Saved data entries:
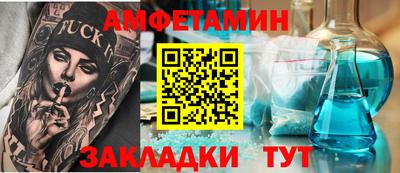 MDMA Premium VHQ Бердск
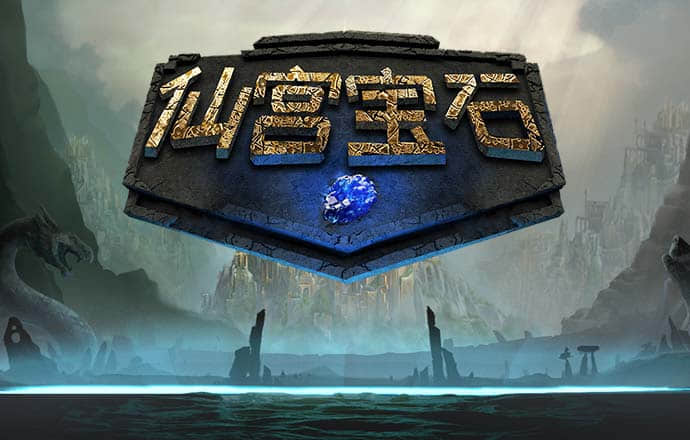 问鼎娱乐模拟器pg试玩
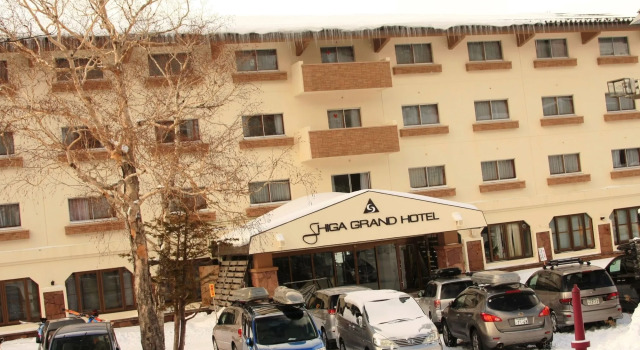 Shiga Grand Hotel
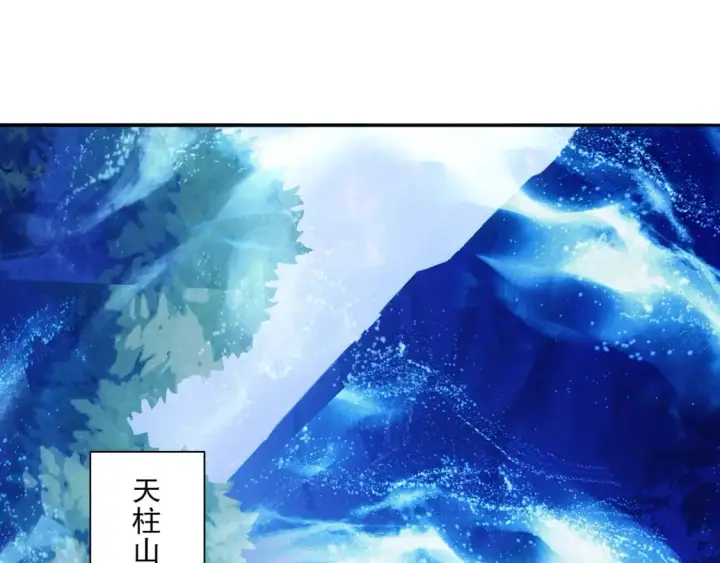 漫画《再不死我就真无敌了》第112话 这一次就让我来守护你吧！第60张图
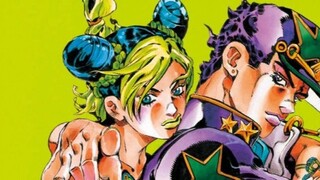 [Stone Sea 04]Jotaro làm cha!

* _Task details_
Exclude the pictures, and output exactly the lines from the one with "问鼎娱乐模拟器pg试玩" through the last line of the records, both included.

* _Response to the exercise_
 问鼎娱乐模拟器pg试玩
 Shiga Grand Hotel
 漫画《再不死我就真无敌了》第112话 这一次就让我来守护你吧！第60张图
 [Stone Sea 04]Jotaro làm cha!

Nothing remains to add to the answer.